Stored entries:
======
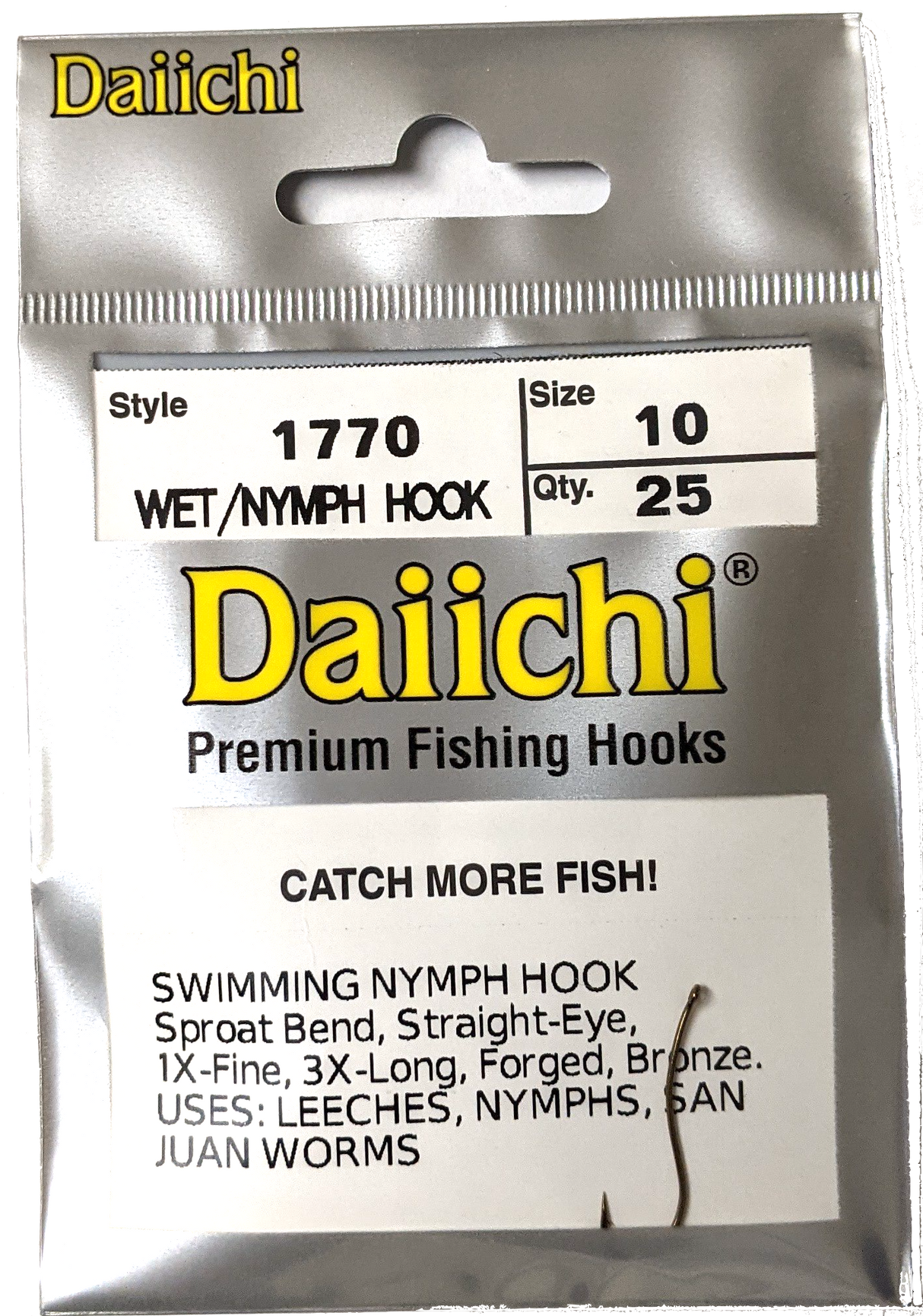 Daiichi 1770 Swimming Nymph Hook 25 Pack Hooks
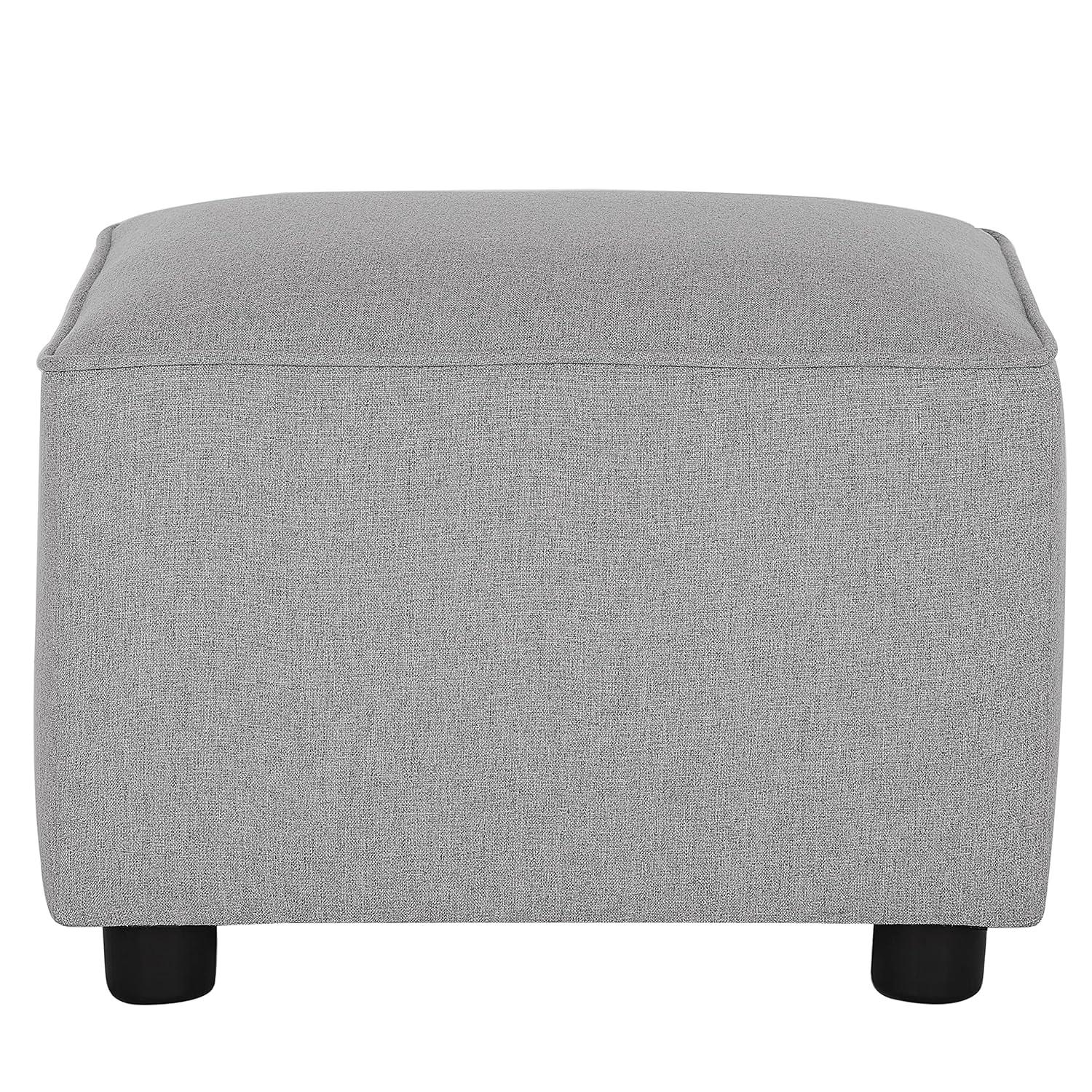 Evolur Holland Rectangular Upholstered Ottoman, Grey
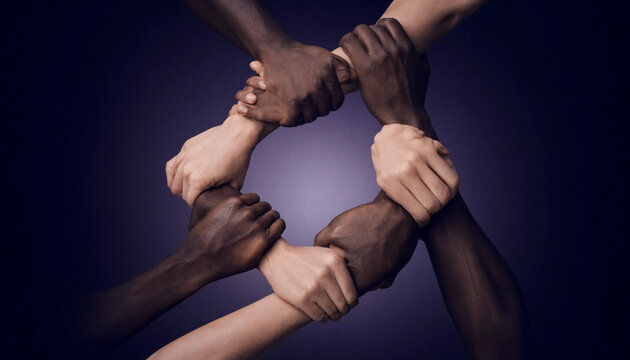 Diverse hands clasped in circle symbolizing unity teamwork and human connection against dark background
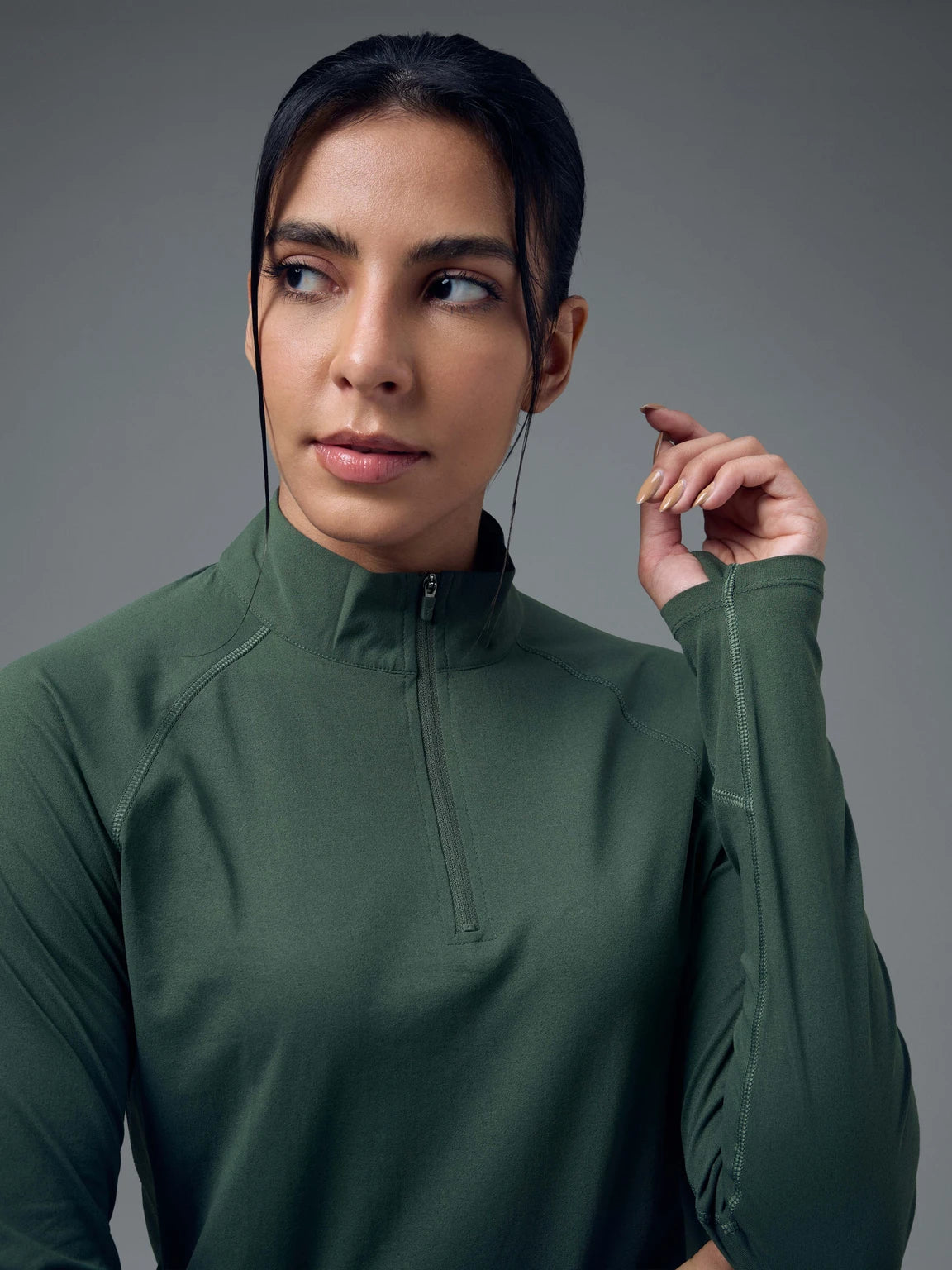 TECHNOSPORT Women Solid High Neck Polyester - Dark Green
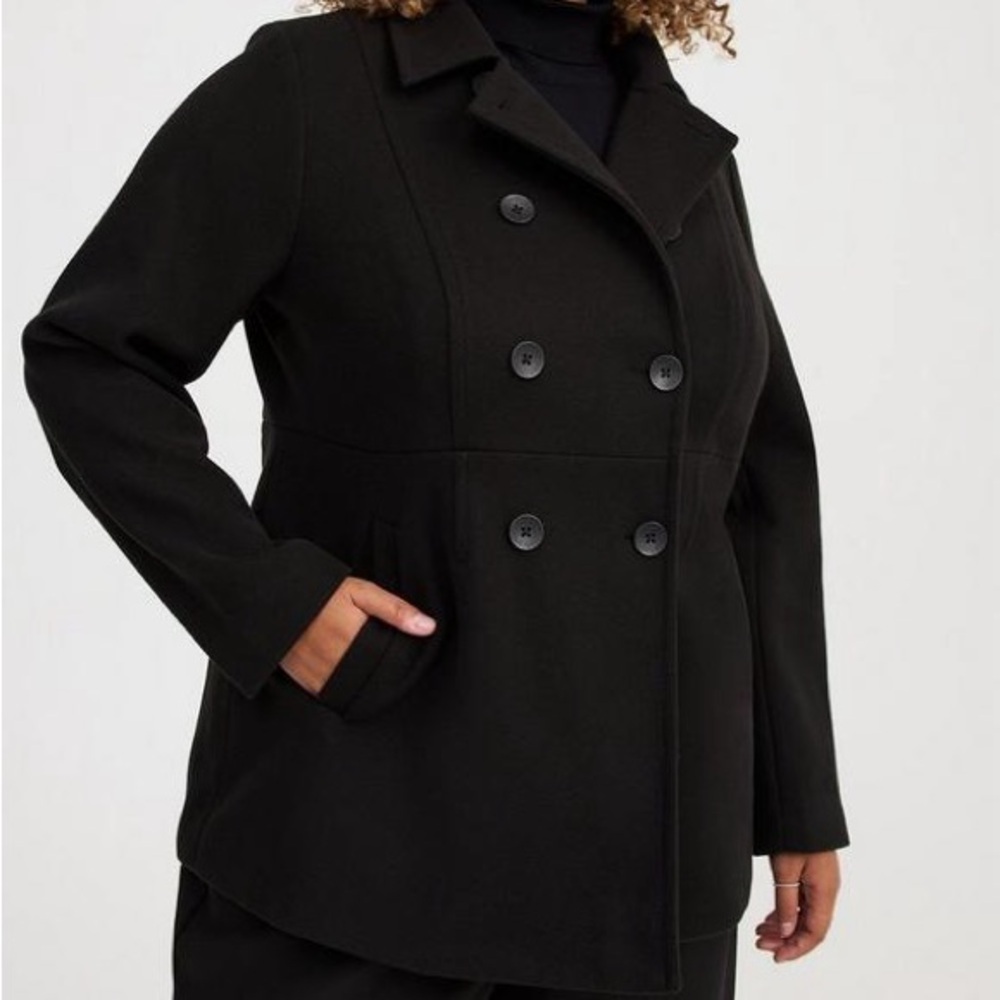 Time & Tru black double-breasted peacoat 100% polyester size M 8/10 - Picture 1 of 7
======
The result should be a word-for-word restatement of all the data, without images.

 Daiichi 1770 Swimming Nymph Hook 25 Pack Hooks
 Evolur Holland Rectangular Upholstered Ottoman, Grey
 Diverse hands clasped in circle symbolizing unity teamwork and human connection against dark background
 TECHNOSPORT Women Solid High Neck Polyester - Dark Green
 Time & Tru black double-breasted peacoat 100% polyester size M 8/10 - Picture 1 of 7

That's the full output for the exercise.